John Edwards Gunn
I’m not all that interested in the biography of bands, but it seems essential to the character of Mum’s music that they’re Icelandic, and of course a big part of their appeal to the likes of style-mag editors, now that Iceland is – for some reason – the epitome of cool. Well, who cares about that, except that cool is a good word to describe Mum (and Iceland, course), in the other sense of the word.

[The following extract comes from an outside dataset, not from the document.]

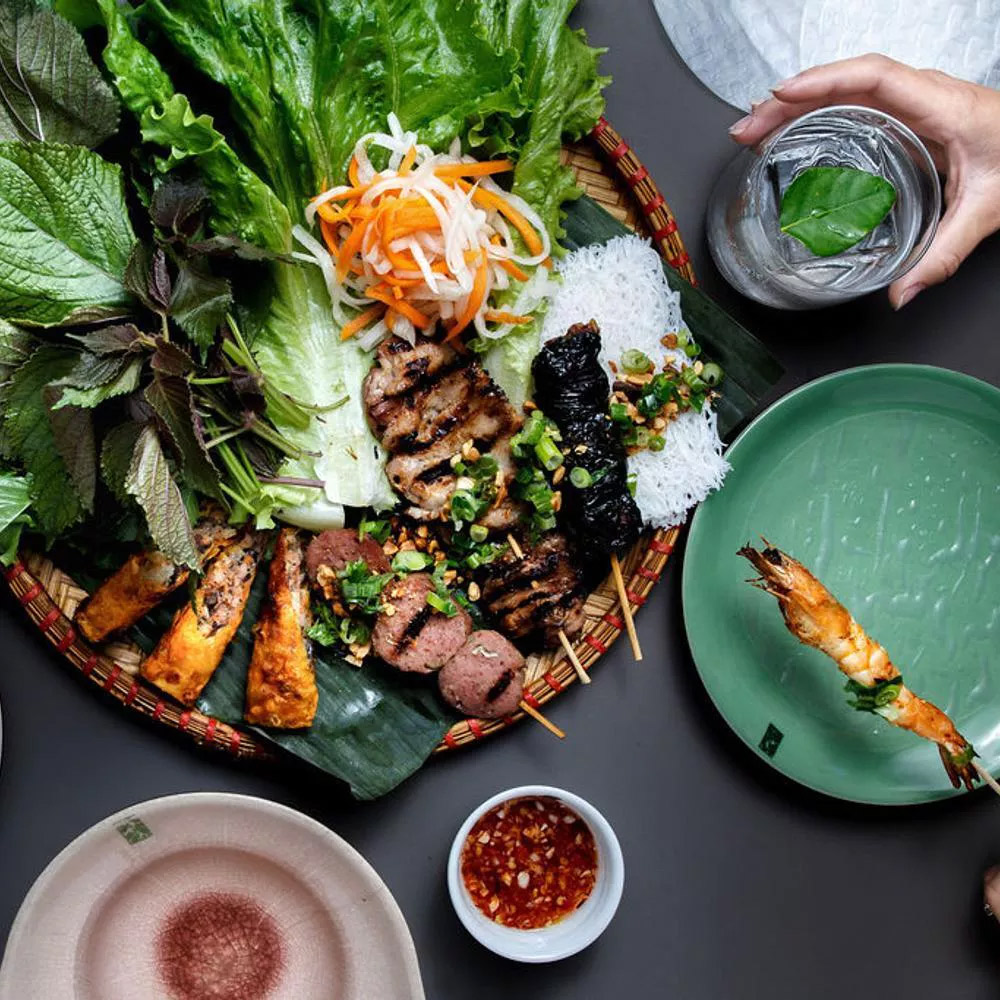 Cẩm nang Michelin hướng dẫn cách thưởng thức món Việt như người địa phương - Ảnh 2.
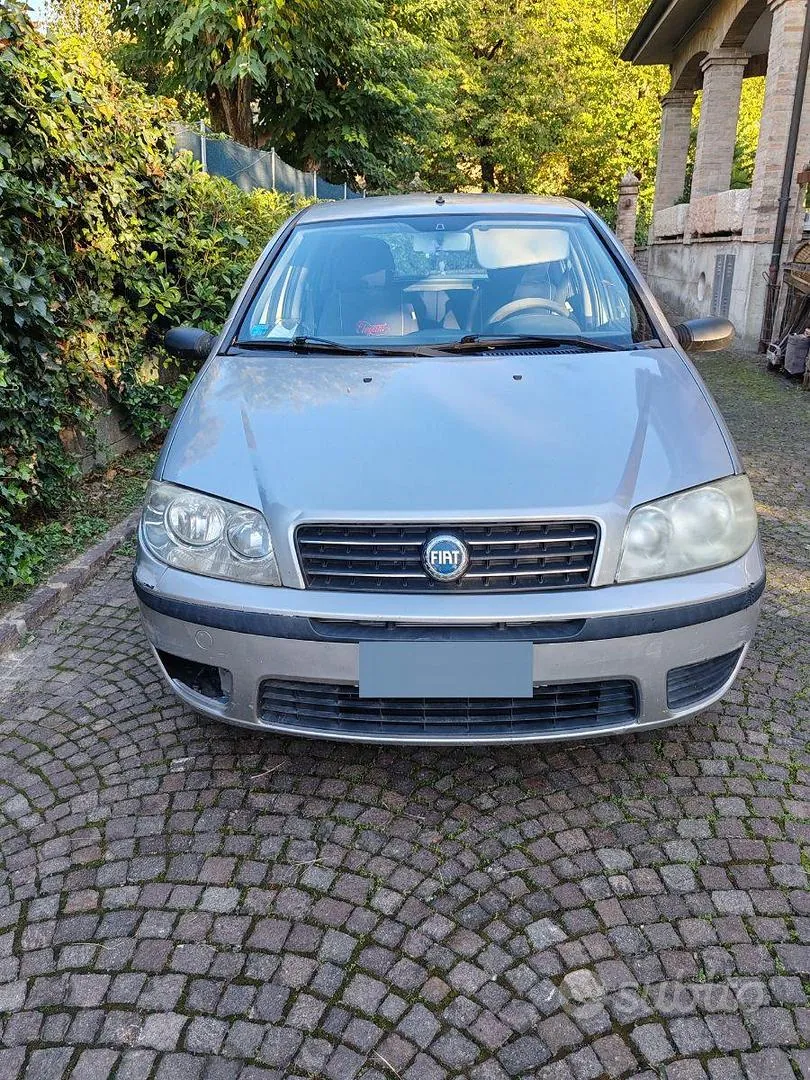 Fiat Punto 2004 photo 2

Finally We Are No One is sedate and dreamy, very like Boards of Canada, where ambient textures come fused with fuzzy beats. Occasionally it stirs into more vigorous life, for instance on We Have A Map Of The Piano, but for the most part the formula remains unchanged. High-pitched tones give a childlike quality, while breathy vocals in sweet, naive, heavily-accented English sing lyrics like ‘when I’m swimming through a tunnel/I shut my eyes’. The voice, after a while, feels a bit drippy, expressing only a wistful melancholy.
Instrumentals work best, like the anthemic Don’t Be Afraid You Just Have Your Eyes Closed, gorgeous and glittery, almost Christmassy. Between Two Hills… A Swimmingpool is a beautiful watery miniature.
On their titles alone it would be easy to convict Mum of feyness and whimsy, but the purity of their sound is compelling, and there’s a toughness in there somewhere. The use of violin on K/Half Noise keeps their ethereal tones grounded and ends in static and distant buzzing. Now There’s That Fear is more sombre, sensing a darkness hidden behind a veil of illuminated fog. There’s a deep, resonant, hollow centre to this song. Conventional instruments add warmth and emotional depth where the coolness is just too much. Even after all this time synths still sound cold. Mum’s sound is like a freezing winter’s day, bright with glare off the snow – you stay wrapped up warm.
The album’s twelve-minute closer The Land Between Solar Systems is for eight of those minutes more ethereal than anyone should have to put up with, but a growing barrage of static overwhelms the song before suddenly cutting out to reveal the satisfying, liquid clarity that is Mum’s signature.